Quindi sto creando un servizio che sarà incorporato negli iframe e con viste web come JxBrowser, il sito padre sarà in grado di passare i dati di input privati con window.postMessage e ricevere gli eventi del messaggio di ritorno con i dati di output privati una volta che l'utente ha deciso di terminare la sessione.
Il servizio in sé non si collegherà mai a nessun database né avrà alcun cookie (potrebbe tuttavia avere un token JWT passato dalla pagina padre attraverso l'URL che il back-end del servizio può utilizzare come paywall) o memorizzare qualsiasi dato localmente (no localStorage e così via).
Può essere pensato come un editor di testo in cui si ottiene l'input iniziale, l'utente ci lavora per un po 'e poi restituisce l'output e l'iframe è chiuso.

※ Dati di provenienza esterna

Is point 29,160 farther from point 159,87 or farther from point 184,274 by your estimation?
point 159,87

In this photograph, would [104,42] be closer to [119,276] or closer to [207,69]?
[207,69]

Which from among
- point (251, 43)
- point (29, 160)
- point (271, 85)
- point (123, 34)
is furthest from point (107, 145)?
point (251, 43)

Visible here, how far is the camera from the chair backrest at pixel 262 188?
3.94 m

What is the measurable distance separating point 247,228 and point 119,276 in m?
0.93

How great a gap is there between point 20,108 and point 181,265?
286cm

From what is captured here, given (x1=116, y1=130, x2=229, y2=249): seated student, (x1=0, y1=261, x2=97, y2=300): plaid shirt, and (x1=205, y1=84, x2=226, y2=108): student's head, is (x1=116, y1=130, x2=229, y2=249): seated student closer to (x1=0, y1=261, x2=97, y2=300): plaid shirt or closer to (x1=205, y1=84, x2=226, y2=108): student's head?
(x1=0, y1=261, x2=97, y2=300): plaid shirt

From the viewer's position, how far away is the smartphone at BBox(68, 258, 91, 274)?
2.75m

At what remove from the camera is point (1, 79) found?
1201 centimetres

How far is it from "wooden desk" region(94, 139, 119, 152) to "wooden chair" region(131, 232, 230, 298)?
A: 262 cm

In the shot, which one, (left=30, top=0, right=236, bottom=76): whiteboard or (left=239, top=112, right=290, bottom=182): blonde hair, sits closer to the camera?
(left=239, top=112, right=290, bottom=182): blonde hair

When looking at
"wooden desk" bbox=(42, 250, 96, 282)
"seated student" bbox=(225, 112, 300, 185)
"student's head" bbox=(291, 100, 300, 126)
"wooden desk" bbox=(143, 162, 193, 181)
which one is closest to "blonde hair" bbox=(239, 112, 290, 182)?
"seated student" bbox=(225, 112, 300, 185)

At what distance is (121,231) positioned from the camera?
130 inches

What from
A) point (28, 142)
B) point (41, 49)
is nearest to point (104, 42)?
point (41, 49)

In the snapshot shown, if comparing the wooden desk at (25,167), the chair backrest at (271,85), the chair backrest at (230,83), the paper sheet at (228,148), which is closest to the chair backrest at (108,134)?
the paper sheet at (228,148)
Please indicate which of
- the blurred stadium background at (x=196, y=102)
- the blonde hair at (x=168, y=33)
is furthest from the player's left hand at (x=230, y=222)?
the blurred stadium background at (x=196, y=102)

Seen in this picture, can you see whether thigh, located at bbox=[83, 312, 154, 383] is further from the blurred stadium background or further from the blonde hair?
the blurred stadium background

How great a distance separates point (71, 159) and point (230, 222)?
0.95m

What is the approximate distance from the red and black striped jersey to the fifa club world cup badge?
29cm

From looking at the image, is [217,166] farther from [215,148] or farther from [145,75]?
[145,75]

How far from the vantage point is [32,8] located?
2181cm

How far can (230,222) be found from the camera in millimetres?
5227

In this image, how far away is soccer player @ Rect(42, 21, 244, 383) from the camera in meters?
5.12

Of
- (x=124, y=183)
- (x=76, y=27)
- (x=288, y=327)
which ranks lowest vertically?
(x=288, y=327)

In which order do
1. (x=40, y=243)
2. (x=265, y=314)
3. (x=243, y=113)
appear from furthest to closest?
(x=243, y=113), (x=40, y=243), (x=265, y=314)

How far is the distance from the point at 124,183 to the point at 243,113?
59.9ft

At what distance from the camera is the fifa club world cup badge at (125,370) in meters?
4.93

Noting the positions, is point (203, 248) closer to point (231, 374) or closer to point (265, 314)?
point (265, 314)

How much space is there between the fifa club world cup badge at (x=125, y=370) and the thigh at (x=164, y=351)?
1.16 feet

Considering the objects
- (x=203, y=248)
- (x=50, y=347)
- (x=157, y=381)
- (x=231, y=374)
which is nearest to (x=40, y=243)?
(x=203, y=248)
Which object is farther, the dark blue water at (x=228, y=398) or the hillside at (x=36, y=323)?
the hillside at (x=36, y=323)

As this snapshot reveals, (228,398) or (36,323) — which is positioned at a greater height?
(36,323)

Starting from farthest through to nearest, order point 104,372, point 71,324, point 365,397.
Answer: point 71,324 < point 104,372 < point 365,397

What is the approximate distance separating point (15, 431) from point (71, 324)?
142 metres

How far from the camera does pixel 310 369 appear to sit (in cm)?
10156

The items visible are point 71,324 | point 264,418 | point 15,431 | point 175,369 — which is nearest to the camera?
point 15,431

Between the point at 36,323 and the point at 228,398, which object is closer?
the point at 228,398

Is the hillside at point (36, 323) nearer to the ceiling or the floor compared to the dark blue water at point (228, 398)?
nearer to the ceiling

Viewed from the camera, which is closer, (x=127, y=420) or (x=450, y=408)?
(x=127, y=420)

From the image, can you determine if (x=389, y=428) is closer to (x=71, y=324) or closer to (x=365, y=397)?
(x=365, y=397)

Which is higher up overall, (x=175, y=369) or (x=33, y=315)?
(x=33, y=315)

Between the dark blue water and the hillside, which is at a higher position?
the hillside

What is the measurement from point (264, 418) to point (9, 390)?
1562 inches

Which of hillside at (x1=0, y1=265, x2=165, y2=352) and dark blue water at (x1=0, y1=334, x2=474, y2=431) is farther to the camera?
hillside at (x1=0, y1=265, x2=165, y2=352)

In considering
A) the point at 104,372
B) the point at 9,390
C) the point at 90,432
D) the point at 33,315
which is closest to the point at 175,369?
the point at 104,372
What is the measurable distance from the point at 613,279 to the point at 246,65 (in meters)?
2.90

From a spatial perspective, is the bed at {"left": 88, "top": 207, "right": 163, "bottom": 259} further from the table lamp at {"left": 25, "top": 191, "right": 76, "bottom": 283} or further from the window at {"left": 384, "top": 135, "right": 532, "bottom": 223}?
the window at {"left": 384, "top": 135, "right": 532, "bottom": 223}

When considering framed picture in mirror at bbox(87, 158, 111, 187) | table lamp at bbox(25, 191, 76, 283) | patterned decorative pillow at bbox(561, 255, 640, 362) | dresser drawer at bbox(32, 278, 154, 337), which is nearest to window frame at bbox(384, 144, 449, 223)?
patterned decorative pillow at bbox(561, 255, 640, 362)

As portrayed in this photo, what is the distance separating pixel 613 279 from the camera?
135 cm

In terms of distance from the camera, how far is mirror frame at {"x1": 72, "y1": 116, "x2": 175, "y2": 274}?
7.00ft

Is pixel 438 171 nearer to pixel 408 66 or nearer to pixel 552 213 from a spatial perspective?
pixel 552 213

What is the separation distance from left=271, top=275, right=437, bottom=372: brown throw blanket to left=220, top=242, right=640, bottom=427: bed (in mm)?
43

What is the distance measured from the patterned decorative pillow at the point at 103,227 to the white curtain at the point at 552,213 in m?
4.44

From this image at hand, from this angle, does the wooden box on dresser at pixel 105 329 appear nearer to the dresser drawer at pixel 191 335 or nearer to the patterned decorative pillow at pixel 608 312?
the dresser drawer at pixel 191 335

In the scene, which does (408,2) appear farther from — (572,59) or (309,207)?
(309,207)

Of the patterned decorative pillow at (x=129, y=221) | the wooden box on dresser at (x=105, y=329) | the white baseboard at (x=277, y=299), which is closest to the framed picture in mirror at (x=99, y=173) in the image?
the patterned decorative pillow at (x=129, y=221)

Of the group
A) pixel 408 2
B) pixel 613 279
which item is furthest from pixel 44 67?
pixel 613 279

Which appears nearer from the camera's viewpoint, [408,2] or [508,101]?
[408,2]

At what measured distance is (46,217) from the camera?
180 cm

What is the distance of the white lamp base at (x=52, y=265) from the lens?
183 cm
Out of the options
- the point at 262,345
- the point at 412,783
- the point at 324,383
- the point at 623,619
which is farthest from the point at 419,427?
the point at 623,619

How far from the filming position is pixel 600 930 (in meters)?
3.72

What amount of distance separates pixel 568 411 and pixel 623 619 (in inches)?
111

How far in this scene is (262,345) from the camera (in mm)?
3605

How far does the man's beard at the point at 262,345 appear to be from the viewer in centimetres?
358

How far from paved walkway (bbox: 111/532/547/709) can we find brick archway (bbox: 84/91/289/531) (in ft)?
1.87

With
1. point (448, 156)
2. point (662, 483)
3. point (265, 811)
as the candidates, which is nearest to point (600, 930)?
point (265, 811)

Ora arriva la domanda, dal momento che considererei questa app "senza stato", gli unici dati a cui ha accesso sono i dati che vengono passati dalla pagina padre, sarebbe importante verificare le origini quando si inviano messaggi tra le due pagine?
Gli unici dati che l'app conoscerà sono i dati forniti più i nuovi dati inseriti manualmente dall'utente.
Devo prendere particolari considerazioni sul token JWT se voglio passarlo tramite l'URL?
Ho la sensazione che potrebbero esserci buone ragioni per cui mi sto perdendo qui, ma dato che non ci sono cookie / localStorage qui, quei problemi sono meno ovvi per me.